Thank you for the great video Sal! :D I was thinking, maybe I am mistaken, but I don't believe that a 95% confidence interval means that there is a 95% chance that the confidence interval contains the population mean. Because if that was true, then, no matter how "far off" your sample mean was, there would always be a 95% chance that the confidence interval around it contains the population mean. This makes it seem as if the population mean is "moving around". A 95% confidence interval means that 95% of all the SAMPLES you take, will contain the population mean.

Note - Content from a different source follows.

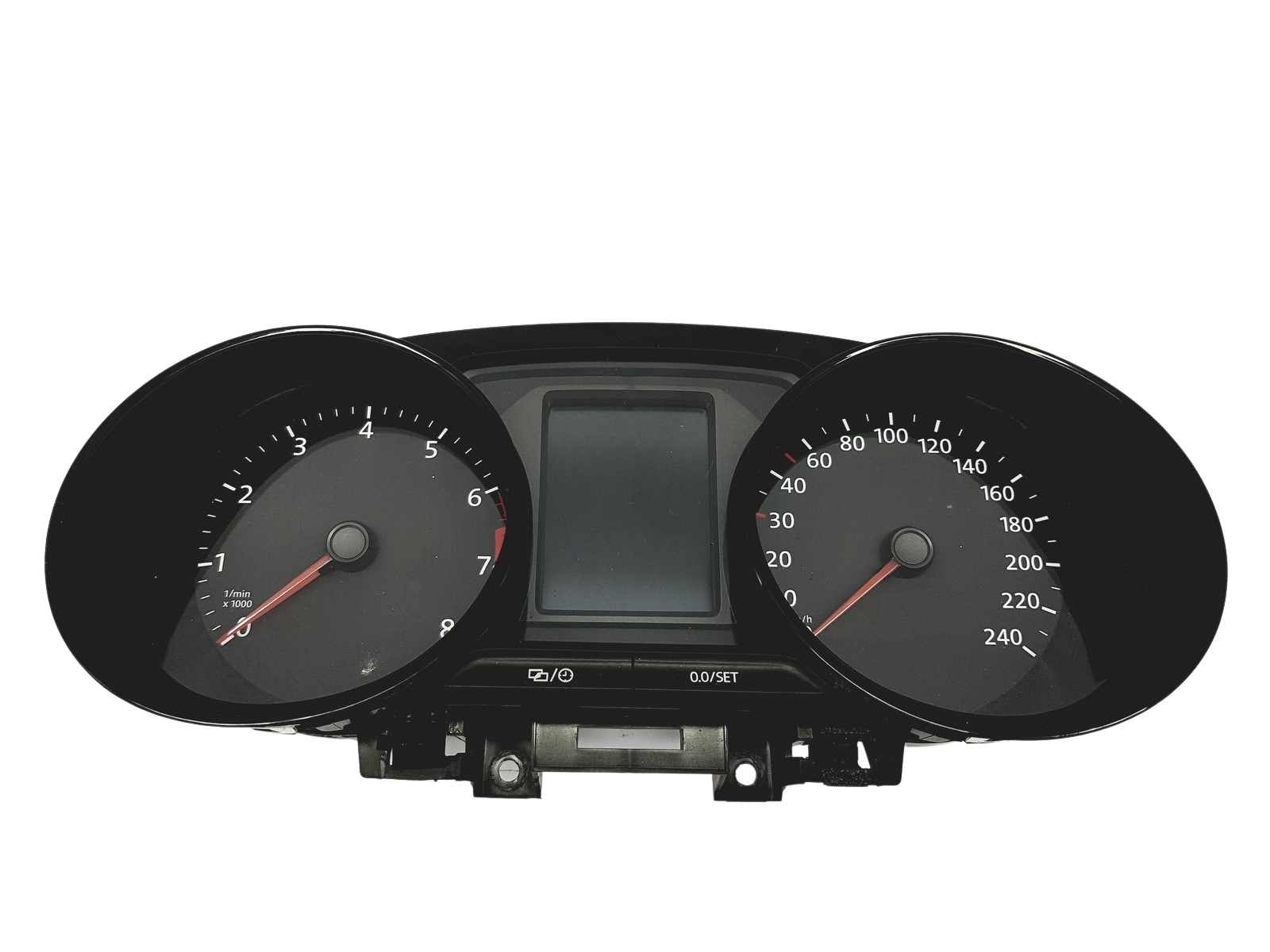 Merilnik vrtljajev VW Polo 6C0920730D A2C96767900 main product photo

Not that one sample has a 95% chance of containing the population mean.
Yes...the probability that the true difference between the population means lies within the confidence interval calculated from the difference between his sample means is either 0% or 100%.
Question, since the sample standard deviations of both samples were used (as opposed to population standard deviations) why was the z-distribution (and thus z-table) used to estimate the critical value for the confidence interval? Wouldn't a t-distribution and t-table be more appropriate? Thanks!

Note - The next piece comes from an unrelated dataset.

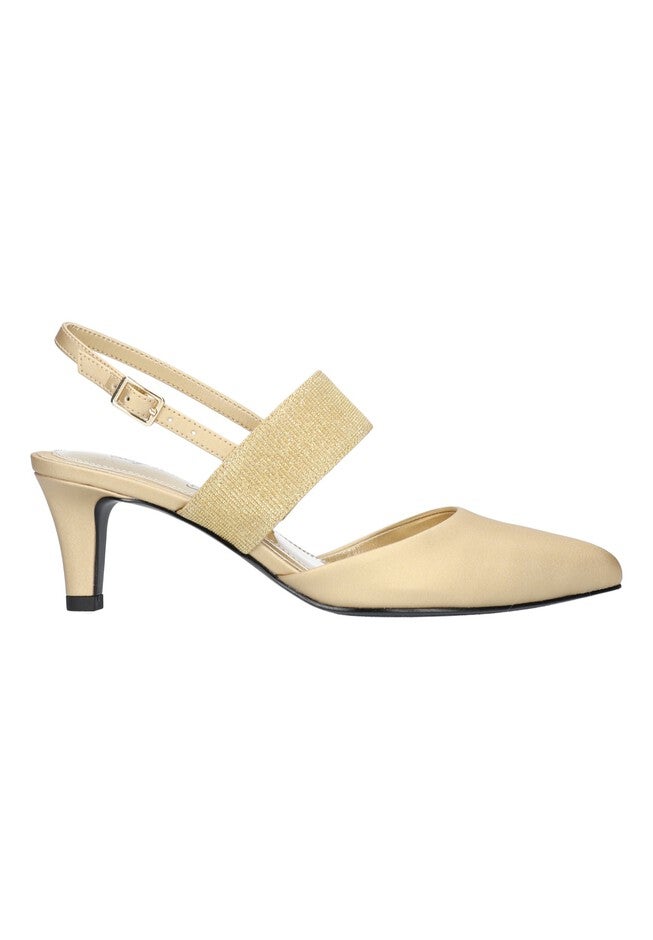 Gisella Slingback, , alternate image number null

Because the sample size is 100, which is greater than 30, meaning that it would be appropriate to use normal distribution instead of t -distribution. Thus, we look up the z-table.
Exactly! I also felt like they are not correct and I used t-distibutuon and I found that the difference between population means is between 0.69 and 3.13
The expected value of sample variance is an unbiased estimation of population variance, thats why the s is used to "replace" the σ of the population X1
Hi khan, I think you might have a mistake here... You assumed the sample means are the true means of the population. Isn't it better if you can calculate a 95% confidence interval of the distribution of sample means of x1 and the control, and then say that the mean of their differences is 95%*95% between the differences of the calculated condifence intervals?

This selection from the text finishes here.